When transactions between associated enterprises do not reflect the arm’s length principle, profits might be shifted to low-tax or no-tax jurisdictions and losses and deductions shifted to high-tax jurisdictions. This can deprive a country of tax revenue. When two or more tax authorities take different positions in determining the arm’s length price, double taxation may occur. Unrelieved double taxation in transfer pricing cases can represent a significant economic burden for taxpayers, which can in turn negatively impact the investment climate of countries.
The effective application of transfer pricing rules is key to protecting the tax base of developing countries and their capacity to mobilize domestic resources to increase investment in the SDGs. It also contributes to combatting illicit financial flows. Well designed transfer pricing rules help eliminate double taxation, thus facilitating cross-border trade, creating a favourable investment climate and assisting developing countries to increase their tax revenues.
Transfer pricing is not an exact science. It heavily depends on assessing the facts and circumstances of each case, performing a comparability analysis and interpreting available data.
The UN Practical Manual on Transfer Pricing
The UN Practical Manual on Transfer Pricing for Developing Countries provides guidance on the policy and administrative aspects of undertaking a transfer pricing analysis.

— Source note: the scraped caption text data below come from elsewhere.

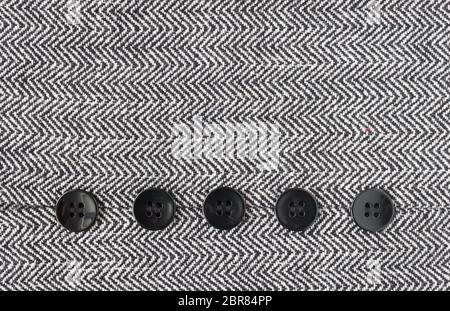 Black Button on Zig Zag Pattern or Triangle Pattern on Center Frame. 5 Button on Zig Zag Pattern or Triangle Pattern for apparel design Stock Photo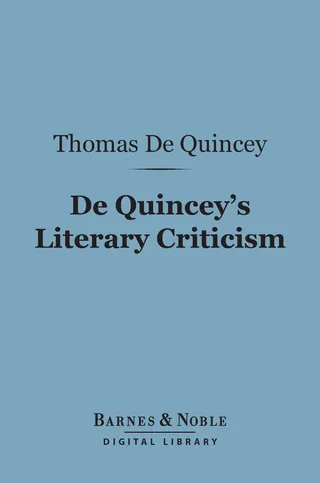 De Quincey's Literary Criticism
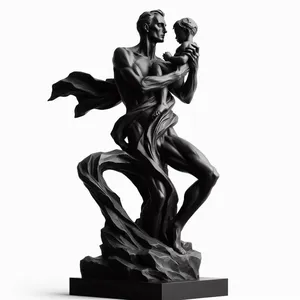 Estatueta preta de pai e filho para presente - Decoração de escultura de amor pai e filho para o dia dos pais, aniversário, casamento, Natal, presentes para o pai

The guidance assists policy makers and administrators in dealing with complex transfer pricing issues, and it assists taxpayers in dealing with tax administrations.
The UN Manual is a signature product of the UN Committee of Experts on International Cooperation in Tax Matters. In its third edition, which will be published in 2021, the UN Manual improves existing guidance and introduces new elements in response to some of the cutting-edge issues in transfer pricing. The Manual is focused on transfer pricing in a global environment, while it provides guidance on design principles and policy considerations. It also addresses the practical implementation of a transfer pricing regime in developing countries and shares examples of country practices from developing countries, such as Brazil, China, India, Kenya, Mexico and South Africa.
The 2021 UN Manual brings a new chapter on financial transactions and additional guidance on group synergies and centralized procurement functions. It also includes revised guidance on profit splits and on how to establish transfer pricing capabilities within tax administrations.
UN DESA capacity development
UN DESA provides capacity development in the area of transfer pricing, with a focus on strengthening developing countries’ capacities to apply the arm’s length principle, among other practical issues.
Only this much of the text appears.